=== Task ===
Restate the following data in its entirety, word for word and without images.
[Opening Data listing section]
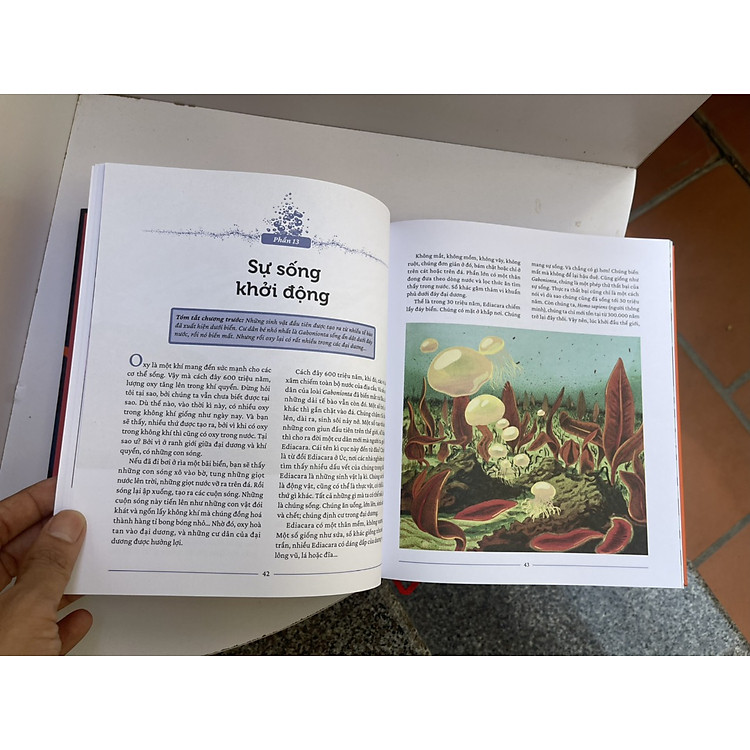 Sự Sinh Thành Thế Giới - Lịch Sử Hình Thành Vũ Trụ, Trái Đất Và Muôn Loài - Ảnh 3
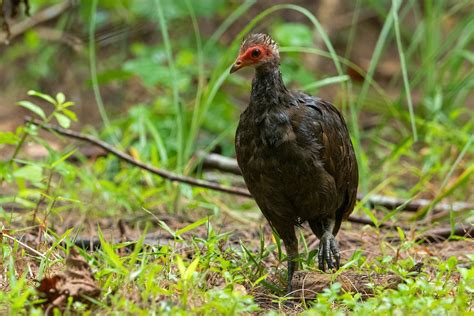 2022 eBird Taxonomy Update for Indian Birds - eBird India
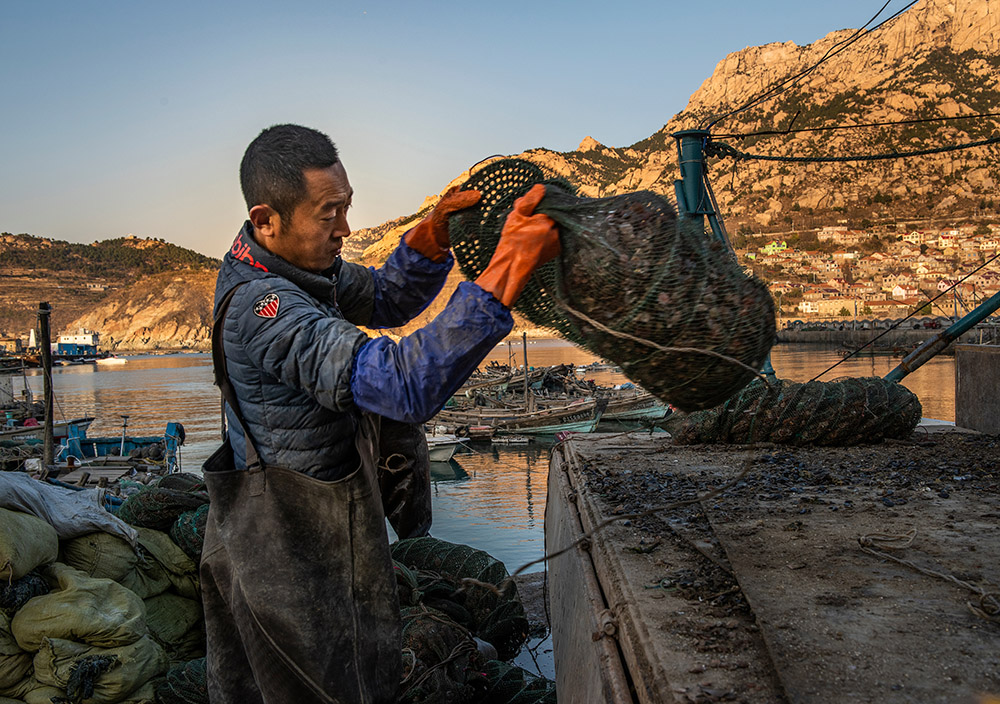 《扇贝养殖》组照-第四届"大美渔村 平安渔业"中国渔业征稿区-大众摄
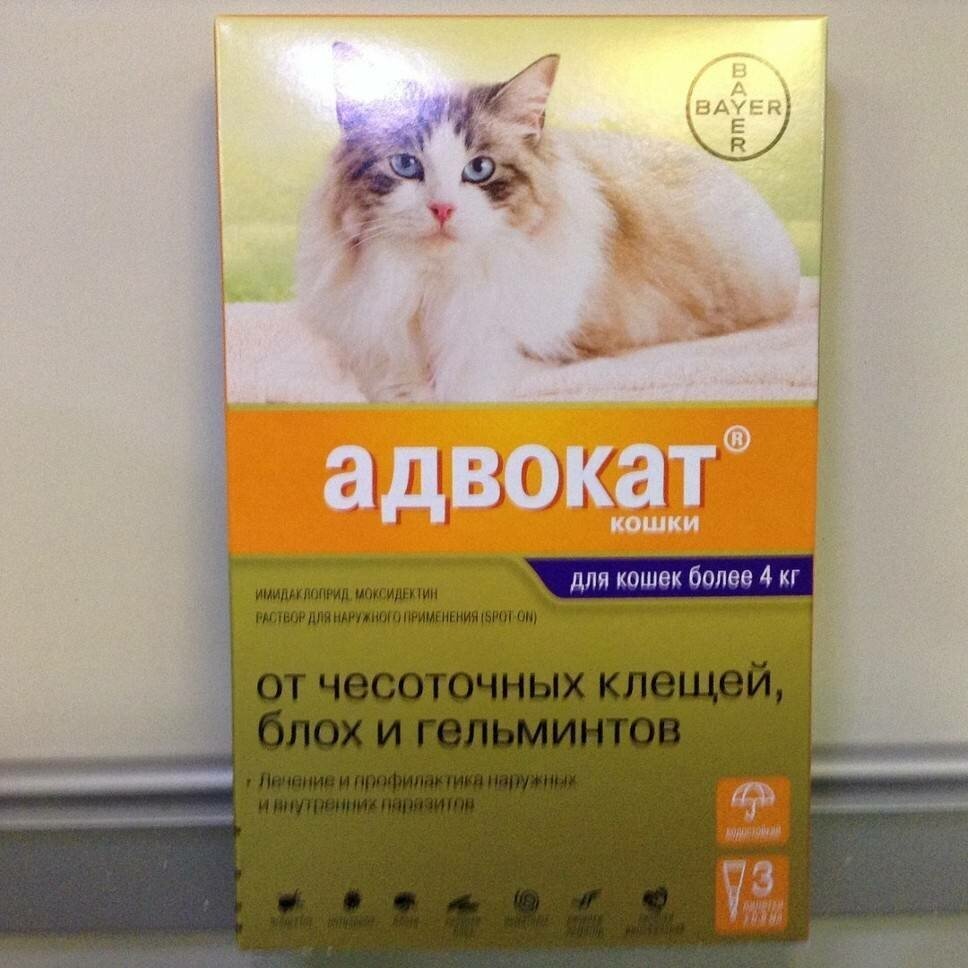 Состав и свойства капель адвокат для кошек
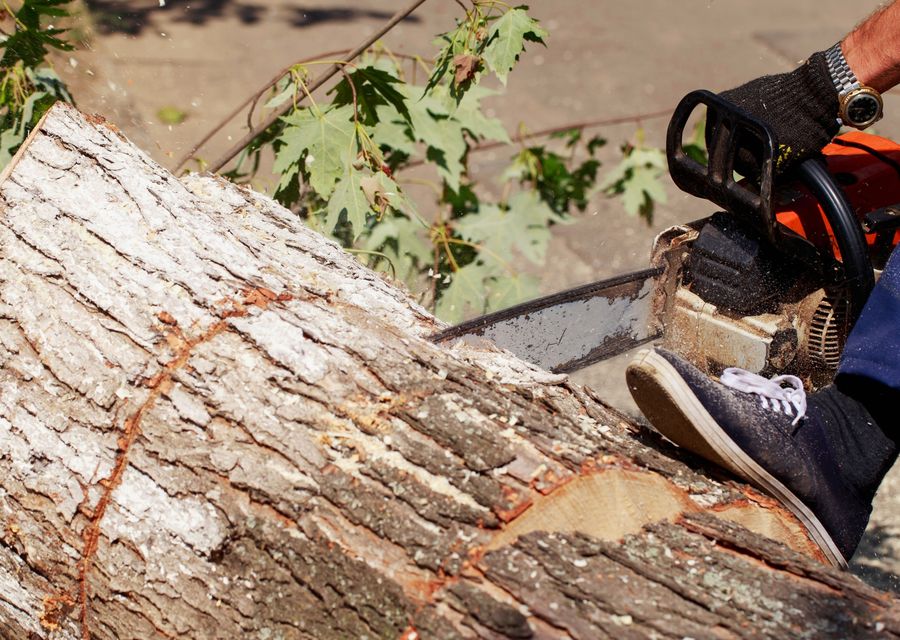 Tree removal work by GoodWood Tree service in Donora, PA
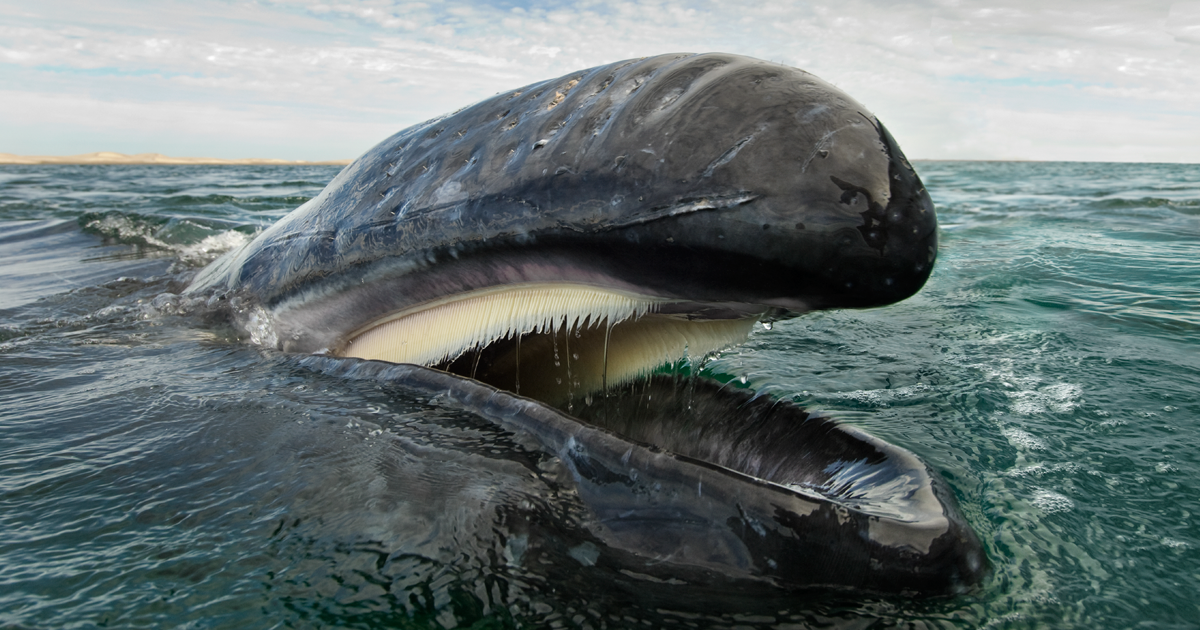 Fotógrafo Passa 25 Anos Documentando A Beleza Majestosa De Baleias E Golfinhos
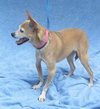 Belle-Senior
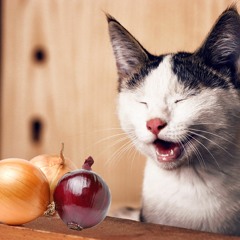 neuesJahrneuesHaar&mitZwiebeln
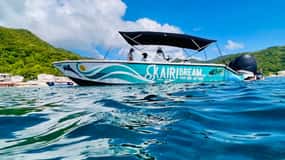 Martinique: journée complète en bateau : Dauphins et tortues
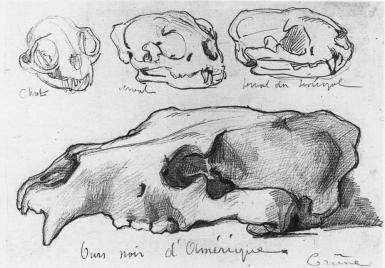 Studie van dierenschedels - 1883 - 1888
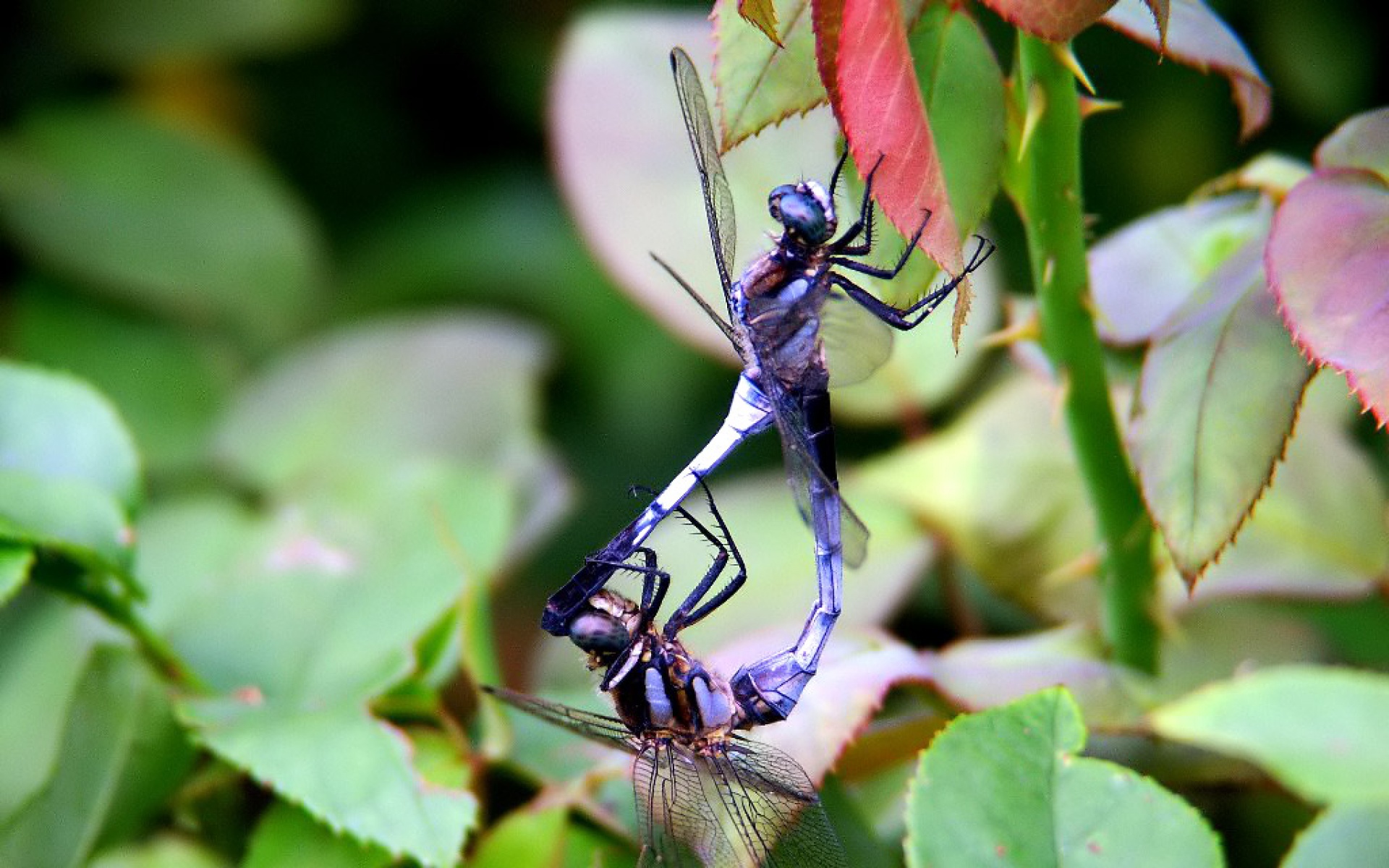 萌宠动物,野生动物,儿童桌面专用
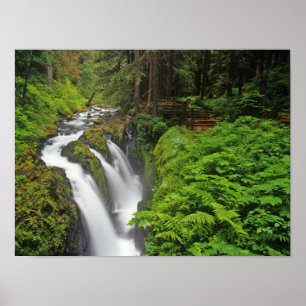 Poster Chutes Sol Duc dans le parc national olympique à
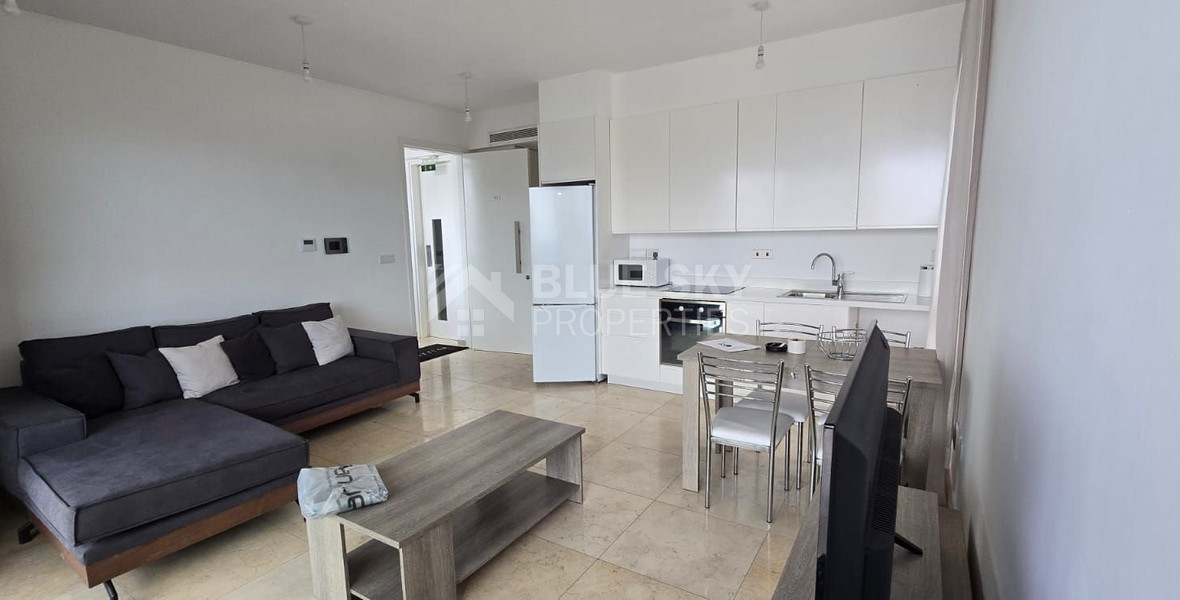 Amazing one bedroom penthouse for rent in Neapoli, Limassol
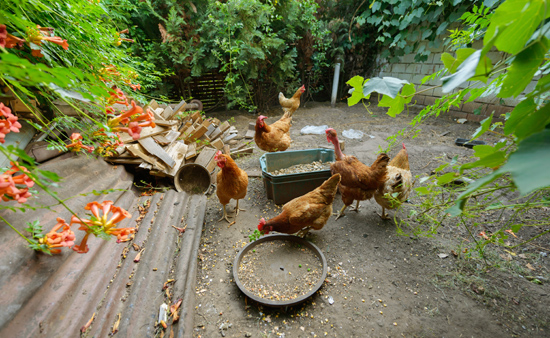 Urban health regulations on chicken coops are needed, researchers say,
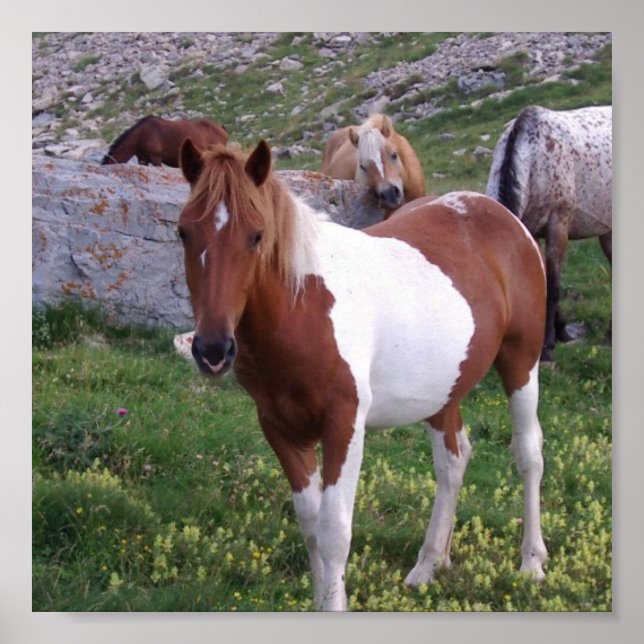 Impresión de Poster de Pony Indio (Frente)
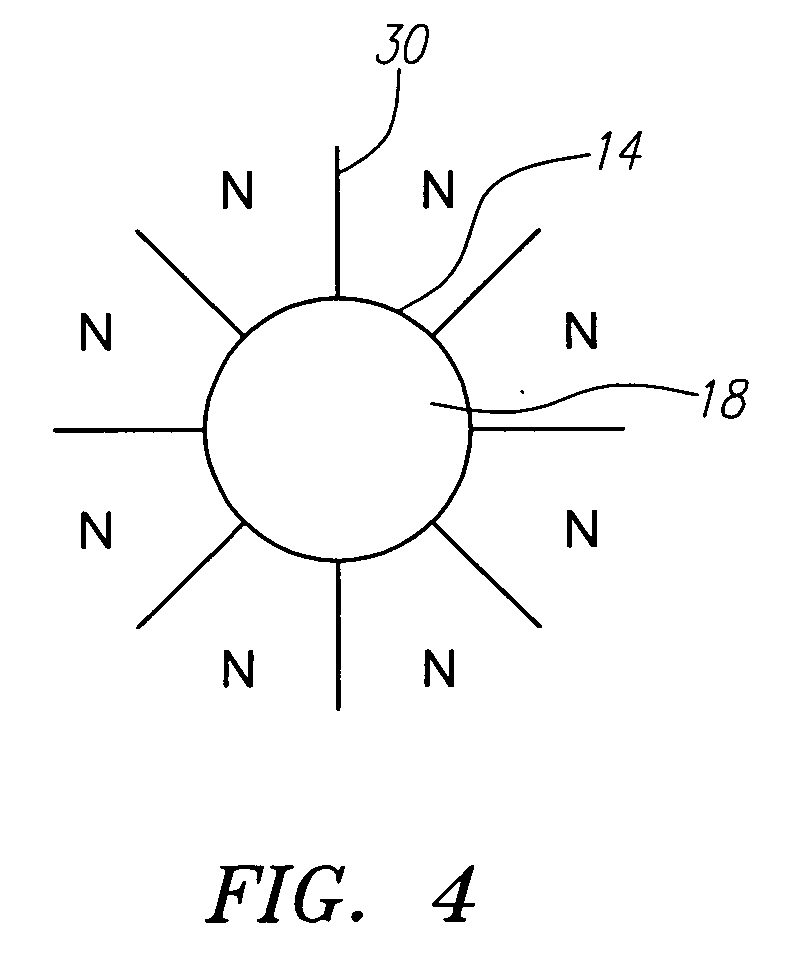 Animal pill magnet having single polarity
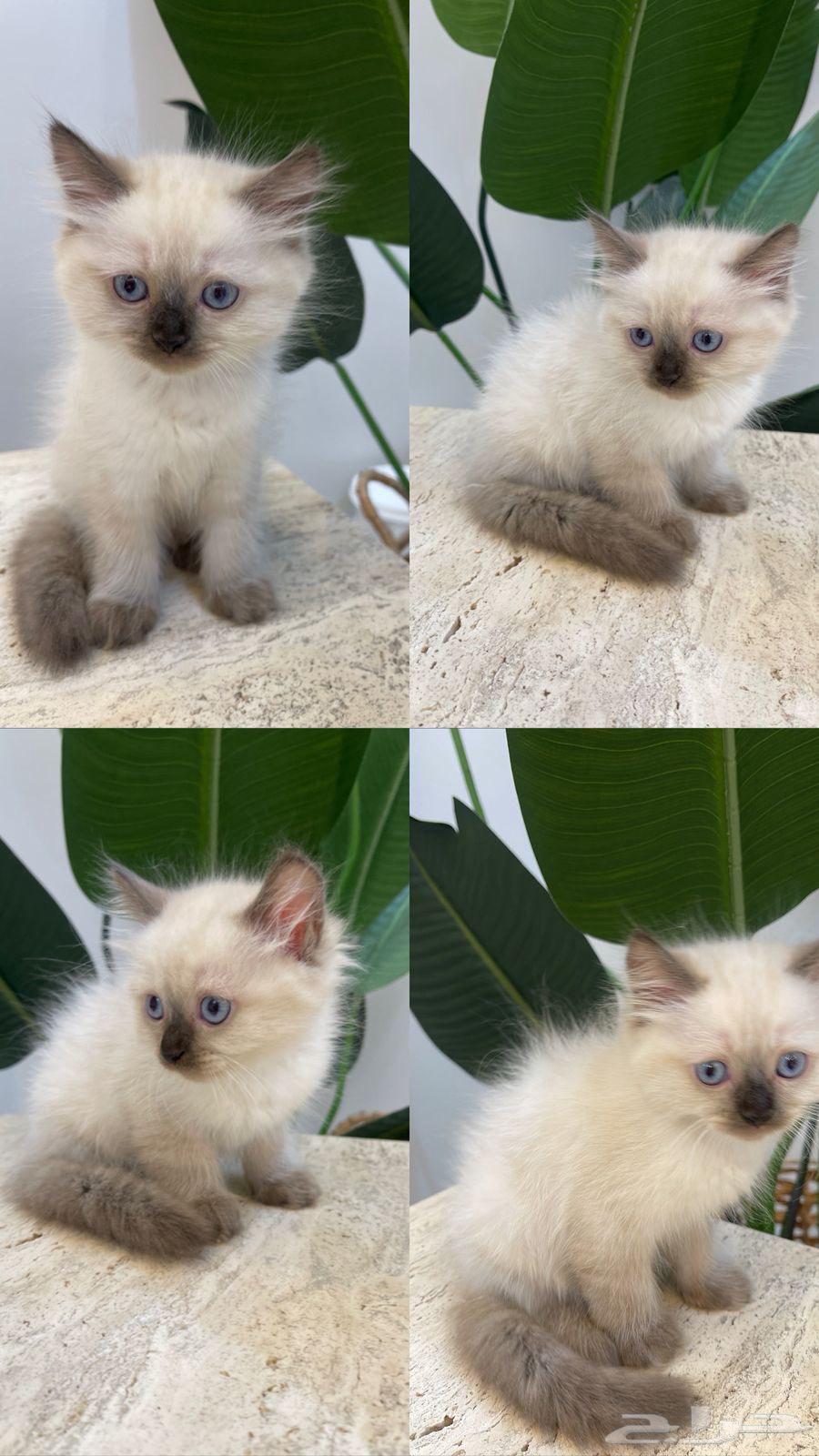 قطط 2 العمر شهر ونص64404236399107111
[Closing Data listing section]
=== Response box ===
 Sự Sinh Thành Thế Giới - Lịch Sử Hình Thành Vũ Trụ, Trái Đất Và Muôn Loài - Ảnh 3
 2022 eBird Taxonomy Update for Indian Birds - eBird India
 《扇贝养殖》组照-第四届"大美渔村 平安渔业"中国渔业征稿区-大众摄
 Состав и свойства капель адвокат для кошек
 Tree removal work by GoodWood Tree service in Donora, PA
 Fotógrafo Passa 25 Anos Documentando A Beleza Majestosa De Baleias E Golfinhos
 Belle-Senior
 neuesJahrneuesHaar&mitZwiebeln
 Martinique: journée complète en bateau : Dauphins et tortues
 Studie van dierenschedels - 1883 - 1888
 萌宠动物,野生动物,儿童桌面专用
 Poster Chutes Sol Duc dans le parc national olympique à
 Amazing one bedroom penthouse for rent in Neapoli, Limassol
 Urban health regulations on chicken coops are needed, researchers say,
 Impresión de Poster de Pony Indio (Frente)
 Animal pill magnet having single polarity
 قطط 2 العمر شهر ونص64404236399107111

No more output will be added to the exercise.